→ Problem to solve
With images removed, transcribe each record exactly as it appears.

→ Input data
··········

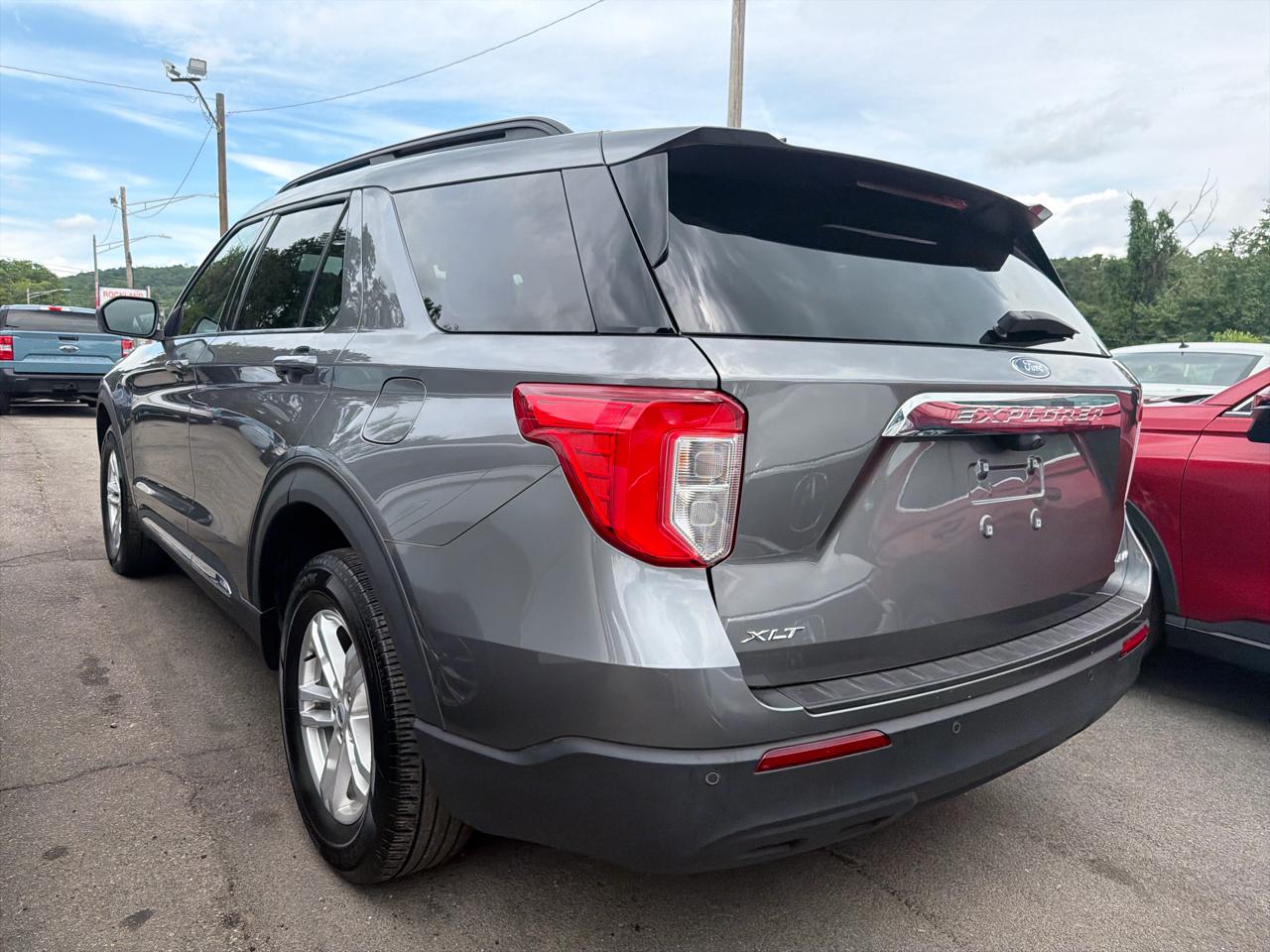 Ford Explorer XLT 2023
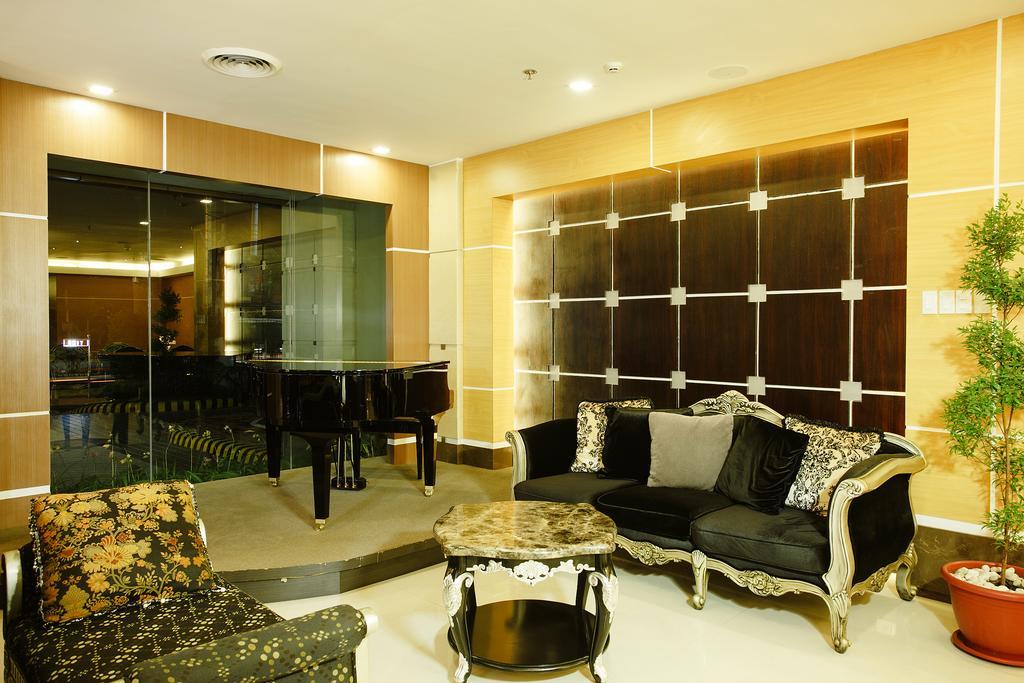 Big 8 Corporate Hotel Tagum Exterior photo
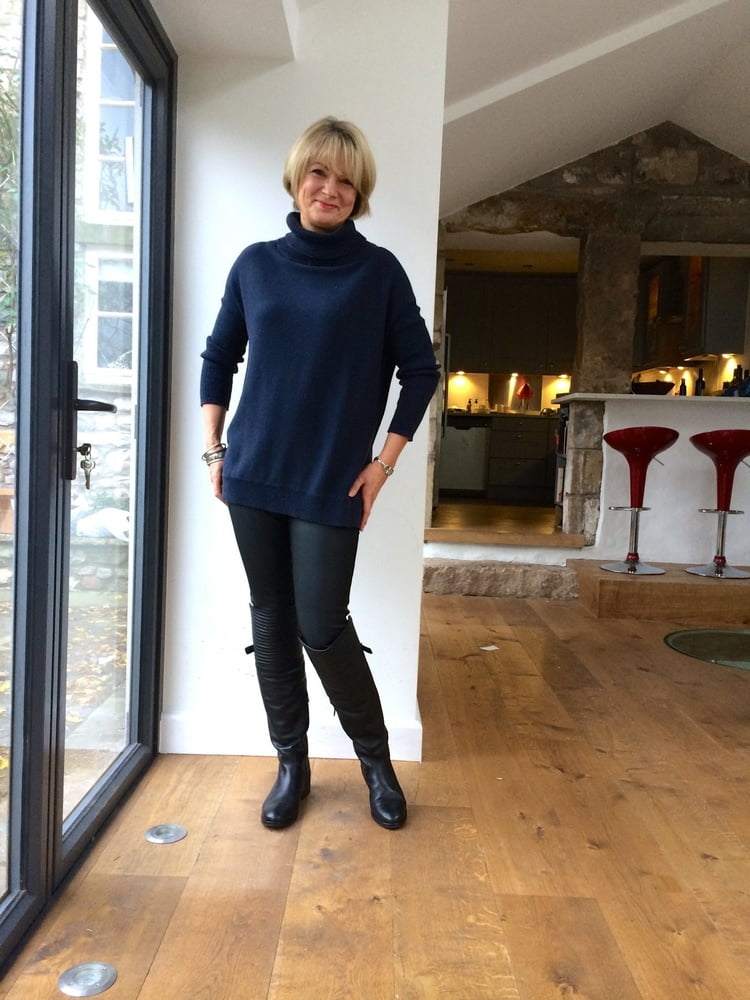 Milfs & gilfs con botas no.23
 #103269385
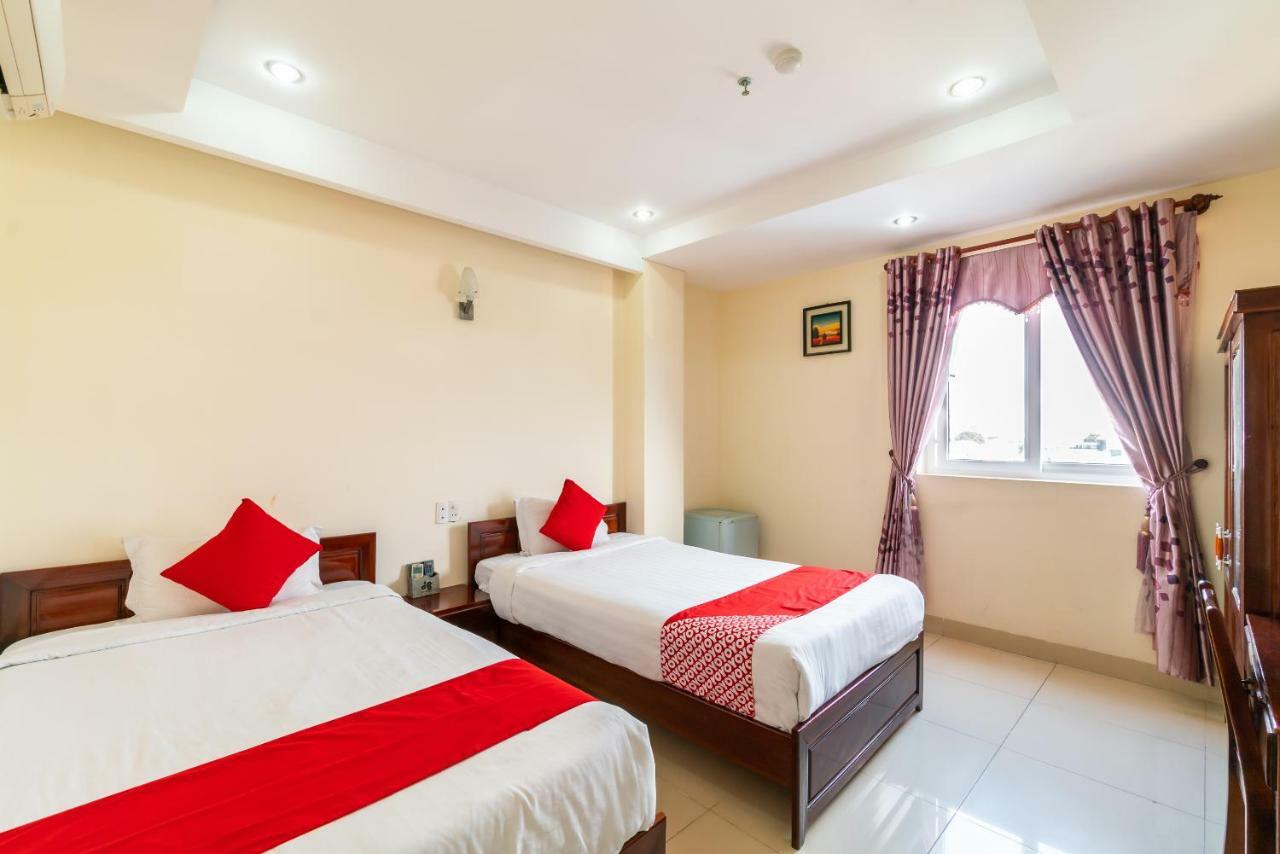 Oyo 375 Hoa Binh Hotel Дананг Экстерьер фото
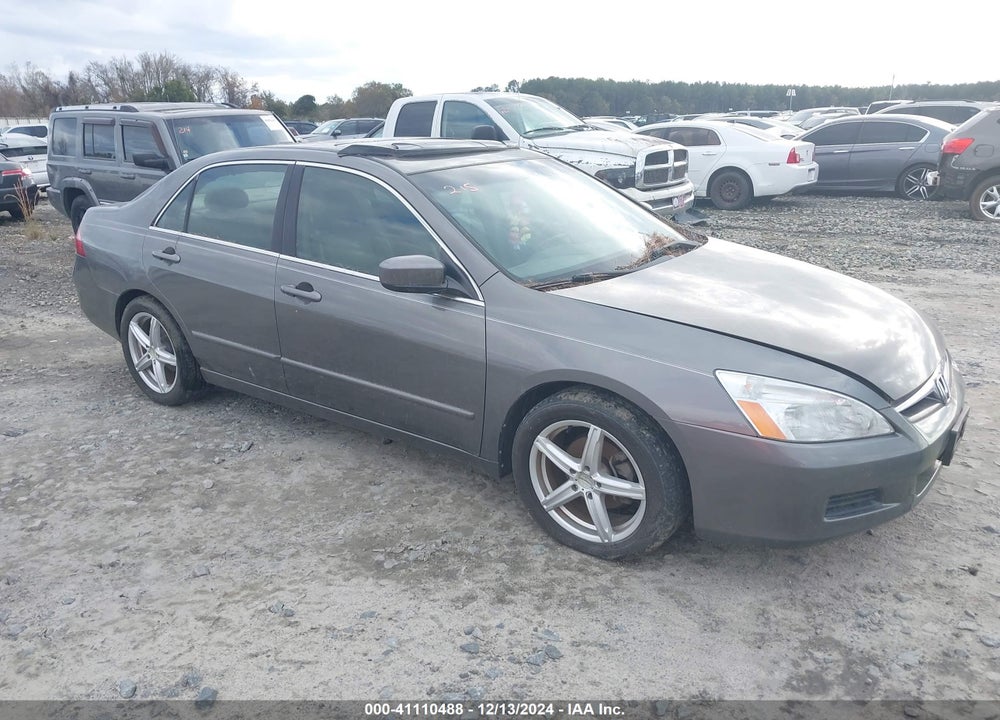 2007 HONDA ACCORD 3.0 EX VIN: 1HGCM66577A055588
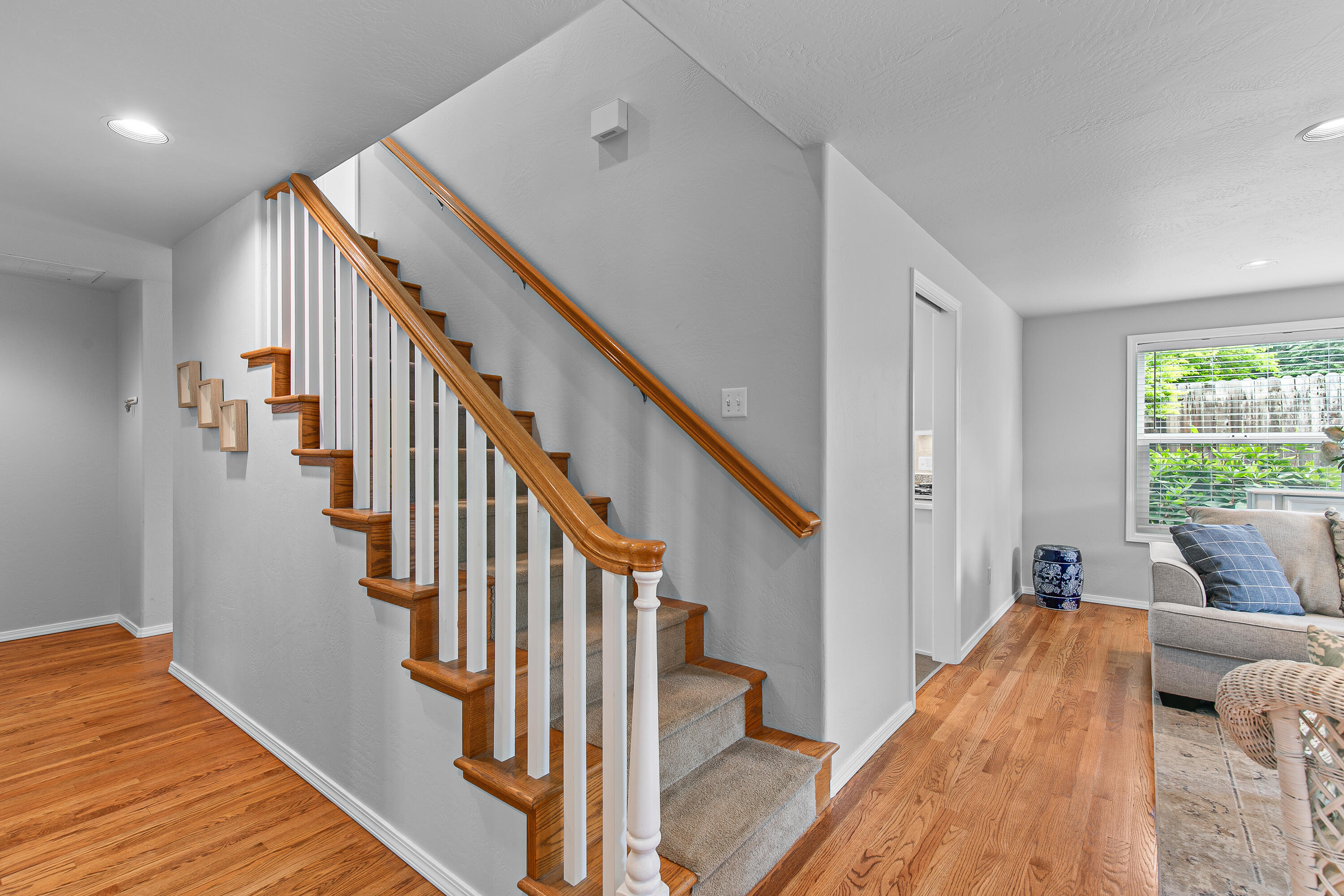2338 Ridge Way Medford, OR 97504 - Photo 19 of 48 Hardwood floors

··········

→ Final answer
 Ford Explorer XLT 2023
 Big 8 Corporate Hotel Tagum Exterior photo
 Milfs & gilfs con botas no.23
 #103269385
 Oyo 375 Hoa Binh Hotel Дананг Экстерьер фото
 2007 HONDA ACCORD 3.0 EX VIN: 1HGCM66577A055588
2338 Ridge Way Medford, OR 97504 - Photo 19 of 48 Hardwood floors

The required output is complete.